Download for Free: Álvaro Noboa: La persecución y su Resistencia Constitucional.
PRESS CONFERENCE JORGE ZAVALA EGAS [January 17, 2013]
Jorge Zavala Egas: Thank you very much for attending. The objective of having called you together is to transmit to Ecuadorian society a new system of debt collection owed the Ecuadorian state that was brought into effect via a law published on September 26, 2012 and that the public administration in general has begun to apply in, at least let’s say, an exorbitant way. What is the problem? The problem consists of this law being badly applied, allowing any collector from public businesses, public sector institutions, for example, the Internal Revenue Service, the National Customs Service, the Social Security Institute, the National Development Bank and any institution that has the right to collect these debts, allowing them to initiate coercive procedures, according to them. But at the same time, upon initiating coercive procedures, they are rejecting the legal entity of the businesses in debt. They are going to the natural persons behind the legal entity and their goods. But they don’t stop there. They are also going to the goods of people related to or associated with those persons: fathers, children, brothers. And on the basis of this, for example, if a business has Jorge Zavala as a stock holder, that business owes to the IESS, it owes to the IRS, according to them, and they initiate coercive action, automatically, once the demand for payment is initiated, they remove the legal entity status from my company, they come for my goods and if they consider that my goods are not sufficient, they can come for the goods of my family members, my children, my siblings, up to four degrees of relation, and that applies to all Ecuadorians, no one is safe.

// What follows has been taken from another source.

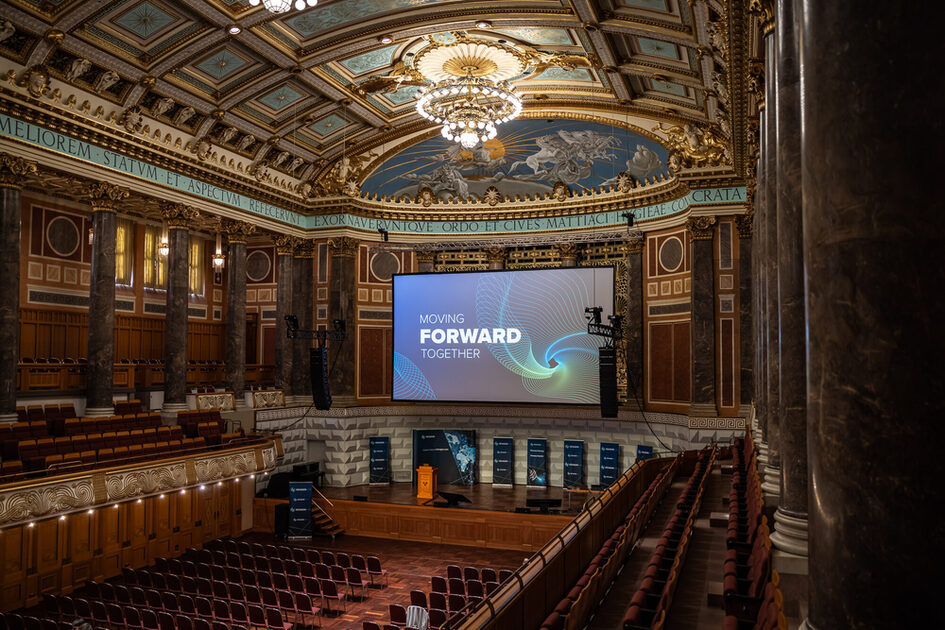 Row seating in front of a large screen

That system was inaugurated on September 28, precisely two days after the law for the Noboa Case of Álvaro Noboa against the Internal Revenue Service came into effect. The debtor: Exportadora Bananera Noboa; tax identification: the Bananera Noboa business; business debtor: Bananera Noboa. All this during 2009-2012, but from September of 2012, the debtor is no longer Bananera Noboa and the collection office saddles Álvaro Noboa, as a natural person with, and with him, all the persons related to Álvaro Noboa Pontón in Guayaquil. The other example in Quito was published and is notorious, that was published by the media: the EICA case. And likewise they came against the legal entity and the corporation, but at the same time initiated a collection against the sons and the brothers of the stockholder of EICA. But that’s not where it ends.
In smaller cases, work inspectors, I’m not referring to authorities on high, work inspectors stating simply that the debt is also the responsibility of the father of the employee also seized the goods of the employee’s father, and they instigated an embargo and auctioned off the goods of the father on the basis of the same law. If we multiply this by the entire national spectrum, I believe that Ecuadorian society, all of us – and I refer, ladies and gentlemen, to all of you as well – who have any kind of familiar association with persons who have stocks in any business, if that business should be a debtor for any reason, any sector or any public sector, your goods are in danger and it is necessary for Ecuadorian society to know it.

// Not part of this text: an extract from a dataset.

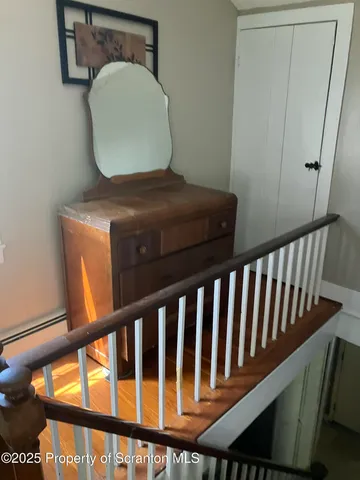 a backyard of a house with a garden and deck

Article 1 of the Organic Law for the Defense of Labor Rights introduces this norm, not only in order to defend labor rights, but to defend all the debts to the Treasury as well.
Ladies and gentlemen, this should be stopped. The abuse, the arbitrariness, the savagery with which this law is being applied has no comparison in any civilized country. It is necessary for Ecuadorian society to become aware of it and to request, not the abrogation, but rather that the procedures be indicated, the motives for which the Treasury can be compensated for debts owing it, but not with respect to natural persons who don’t have anything to do with the issues of a business, nor with the debt as such, but have to pay anyway. It’s the same, just to give an example, as what happens with child support, or payments that get passed on to the children, so if the parents don’t pay, then the brother should respond, and if not the brother, then the uncle, if not the uncle then the parent, and that is the same that is going to happen generally.
As a result, I have decided, upon Álvaro Noboa’s request, to write a manual of what is happening. That manual is going to be distributed to you, and in this case I have named it, “Political Persecution” because, in this case, there is a political motive, and you and any Ecuadorian can read, debate, and disagree with the arguments and the inventory of the crimes and I would like that there be a public debate in order to know whether I am right or not. For that reason, I have not only decided to hold a press conference, but also to distribute this manual to you, so that you, with the legal advice that you should have, have a look at what has happened and see that this is what I am saying. It’s the truth and giving the Press the seriousness it deserves, I have decided not only upon short affirmations in a press conference, but also on delivering in writing with my signature and responsibility what I have just denounced. It is necessary for all Ecuadorians become aware of it.
My motive is not political. I am not in active politics, as you know. I am a citizen concerned with the judicial guarantees of every Ecuadorian. Today it is Noboa, tomorrow it could be Pérez, and the day after tomorrow, it could be any of us. The abuse has to be stopped. You will be given this manual and after you have read it, I am ready for any kind of interrogation, questions, arguments, debates with whatever public authority in whatever setting that I am invited to in order to sustain what I have stated here. For that reason, and for the seriousness that I feel the Press deserves as intermediaries in the issue, I hand out this pamphlet, this manual entitled, “Political Persecution” and the constitutional resistance that all of Ecuadorians merit. In this specific case, the study has been done on the procedure against Álvaro Noboa Pontón, but I repeat, it can be generalized to all the cases that we know here, which are approximately five, cases in which they are applying in an absurd, perverse way, a law that puts all of us Ecuadorians on pins and needles with regard to family goods. That is all I wish to say. Thank you, and any questions, I would be pleased.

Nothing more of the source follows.